2pm. I often go for a walk at this time of day, I noticed the artists in the Saatchi articles also go for walks, but they go to glamorous, sophisticated places filled with art world movers and shakers. I live in Haworth, so there is nowhere glamorous or sophisticated to walk to. I sometimes go up to the Bronte Parsonage Museum, but the vibe there is more atmospheric isolated romance novel, and even if it were my scene it’s closed due to COVID-19. Today I walked to the bottom of my mum’s garden and saw a solitary bee.

3pm. Theoretically this is when the real work starts but in practice a good 30 minutes of procrastination is still going to happen. Wait, I need my mint tea. Have I got the right upbeat disco hit on? Wait, is that bumble bee in the garden sending a distress call to me? Better check it out. This is the time of day I like to stare blankly at a word document and think about every stupid thing I’ve ever said. Like the other week I met somebody impressive and important and we went to shake hands but at the last minute we stopped because of coronavirus and I suggested everybody starts doing double finger guns and a wink instead and they just blinked for thirty seconds before saying ‘Well, that’s one suggestion’.

photo of a round dining table set up for making artwork

My current work situation

3:30–6pm. This is the portion of the day where some productive and meaningful things happen. Yesterday I wrote a small funding bid. Today I’m writing this. Tomorrow who knows? Hopefully more genuine work from my actual to do list. Maybe I’ll start trying to rewrite Dolly Parton’s seminal classic ‘9-5’ so the lyrics better fit the realities of my life again. I will do anything to avoid the thought of finger guns.

6pm. My family and I have designated this coronavirus hour. We try to keep all discussion on the topic inside this hour. We talked a lot a before I came to stay about what the best way to handle this situation and my disability was. I live alone, but my life only really works because my parents live five minutes away and give me a lot of support. We were also thinking of the worst-case scenario that I had a bad MS relapse, we decided on balance it was best for me to lockdown with them. It’s difficult, it’s an adjustment for us all, but it’s difficult for everyone right now isn’t it? I think what we all need to do is find ways to be kind to each other and – sorry, that’s time up the rest of this hopeful message will have to wait until tomorrows coronavirus virus hour.

7–9 pm. This is usually when I have an evening meal and hang out with my family.

9–12pm. This is when I do the majority of my creative work. I have spent my adult life trying to retrain my brain to be better at doing this sort of thing in the day time, but it just doesn’t work. I am constantly trying to make a more respectable routine for myself, but some version of this is always what I revert back to.
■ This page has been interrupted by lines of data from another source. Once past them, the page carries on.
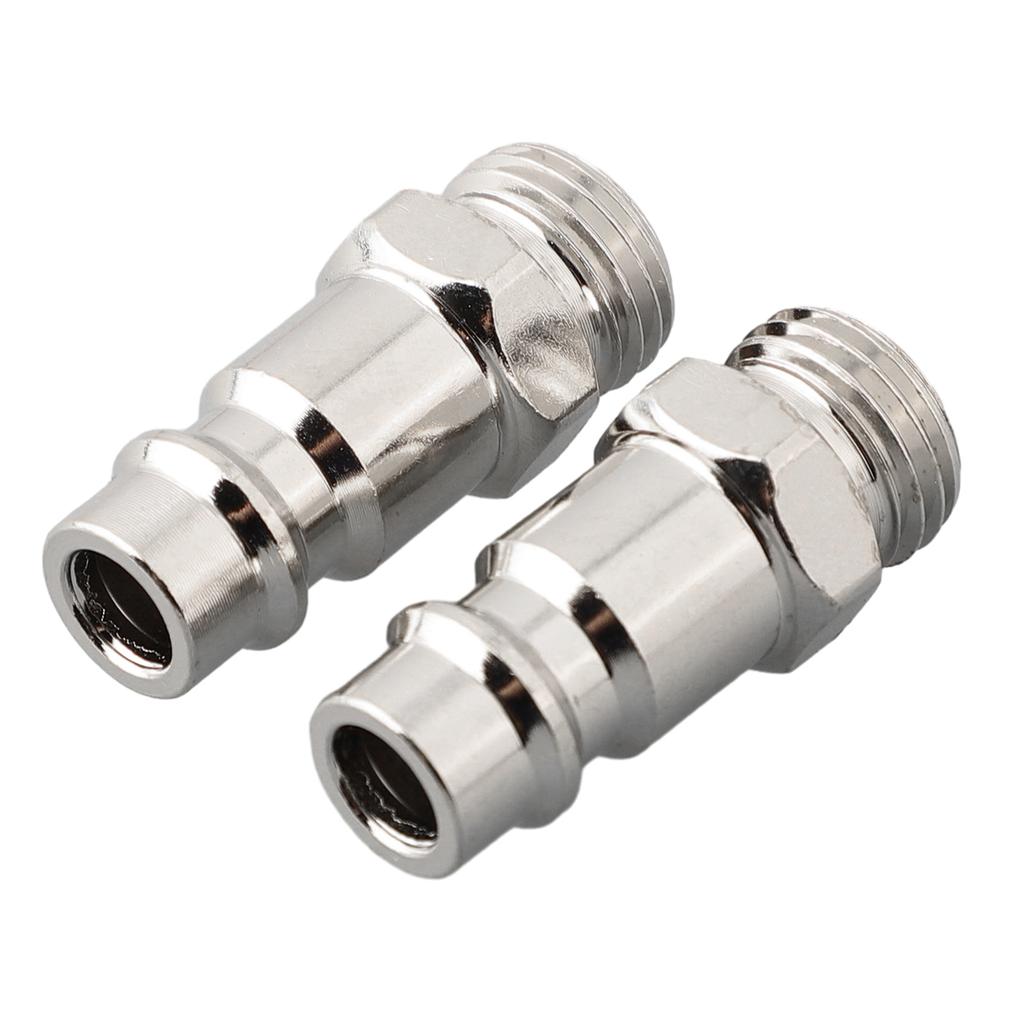 1/4\\\" Euro Compressed Air Line Coupler Connector Fitting Quick Release Fittings 1/4inch Male Thread G1/4 Plugs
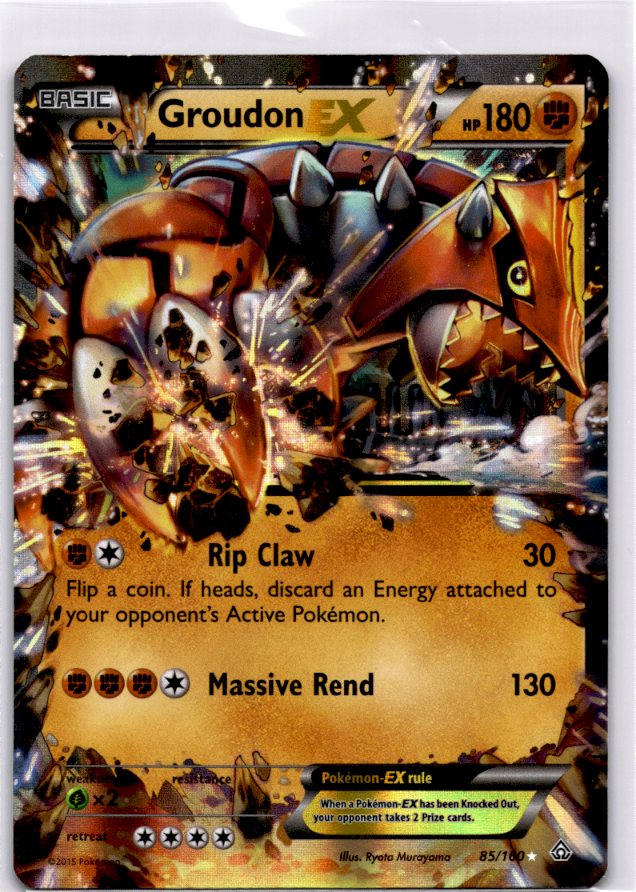 Groudon EX XY - Primal Clash 85/160 LP | eBay
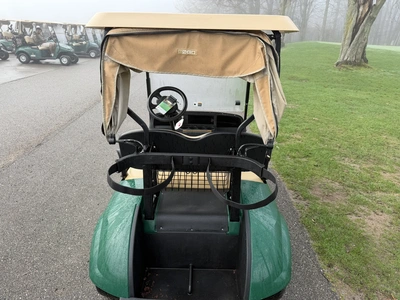 (1) 2019 E-Z-Go EFI golf cart with a Kawasaki gas engine, model 657061G01, includes canopy, fold-dow...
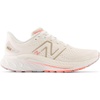 New Balance Womens Fresh Foam X 860 V13(White/Light Gold Metallic/Grapefruit)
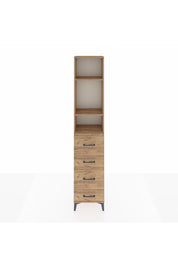 Arges Dolap 3 Raflı 4 Çekmeceli 44x30x221 - S28M129V9A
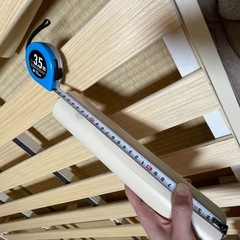 ダブルベッド　枠組み　高さ調節可能！足7本付きの画像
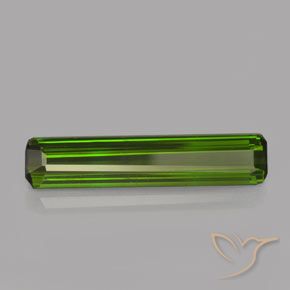 1.98 ct Green Tourmaline Stone, Natural Tourmaline in Octagon Facet Shape for Sale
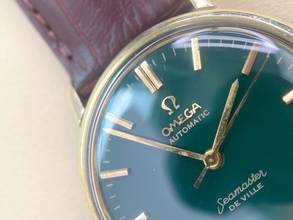 Thumbnail von Omega Seamaster DeVille Serviced Seamaster De Ville Vintage Automatic Automatik Custom Green Dial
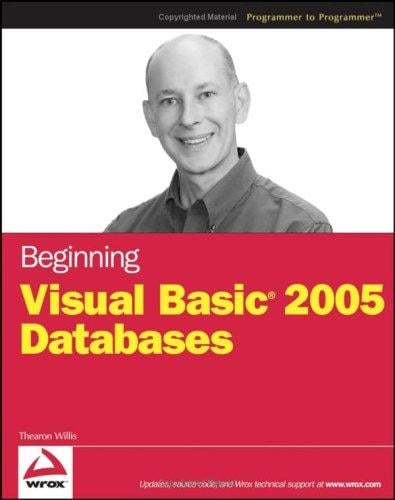 Beginning Visual Basic 2005 databases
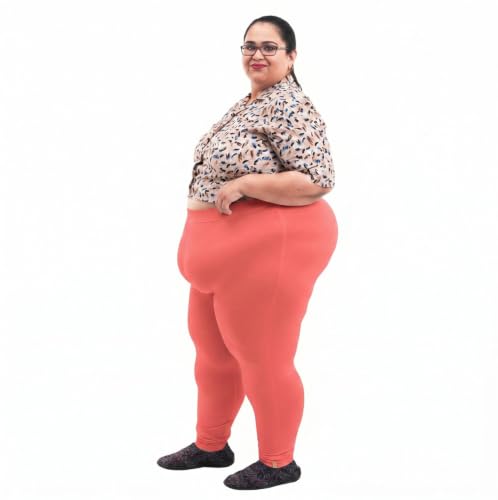 Image of BIGTEES Cotton Leggings for Women Full Length | Stretchable, Soft & Comfortable Pants for Women
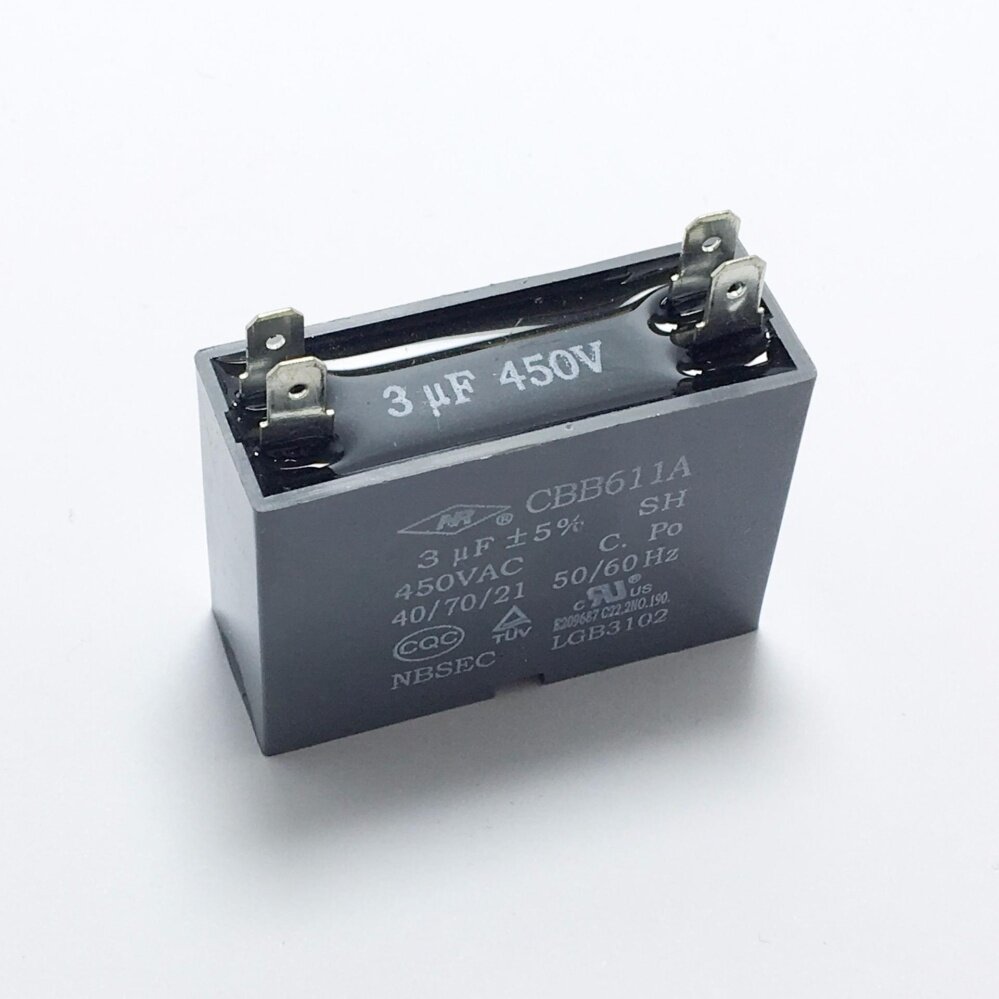 Ceiling Fan Capacitor 3 0uf For Kdk Deka Alpha Elamrk Wings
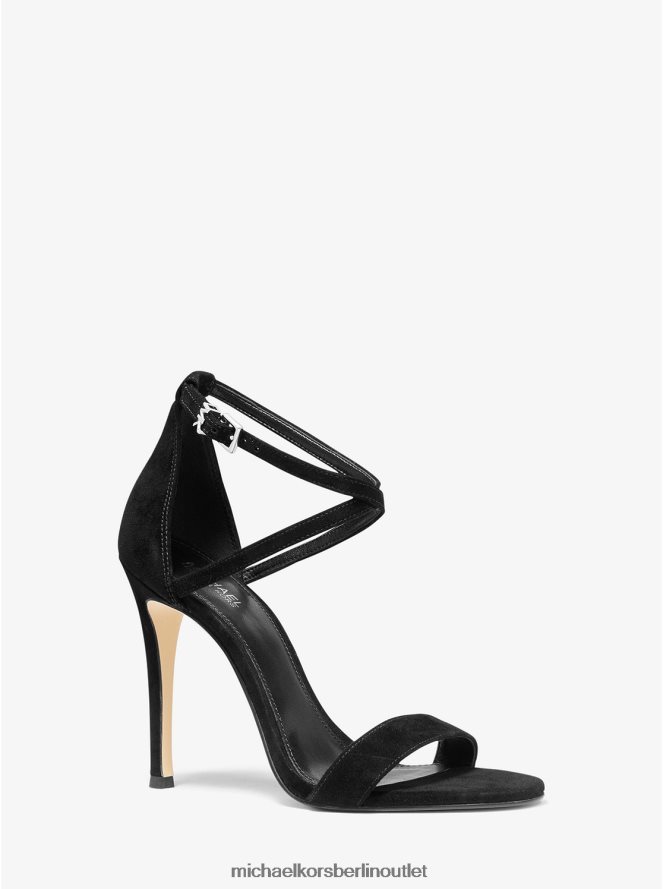 Schuhe de Michael Kors Frauen Antonia Wildledersandale Schwarz 404V222063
I think a lot about this thing I noticed when I was reading Daily Rituals by Mason Currey, (a book chronicling the daily routines of artists and writers) on the whole the male writers/artist’s kept whatever hours they wanted while the women facilitated the domestic realities of their lives. Female writers on the other hand squeezed their work in around facilitating the domestic lives of themselves and others.

photo of a cow in a field

This cow is a wrong’un

The exception I noticed was Gertrude Stein who had her lover Alice Toklas drive her around to find the most inspiring cow before she would write her daily words. It is my ambition to build myself the kind of life where I have space to look for the right cow.

Fortunately, as long as I’m in lockdown here, I’m surrounded by them.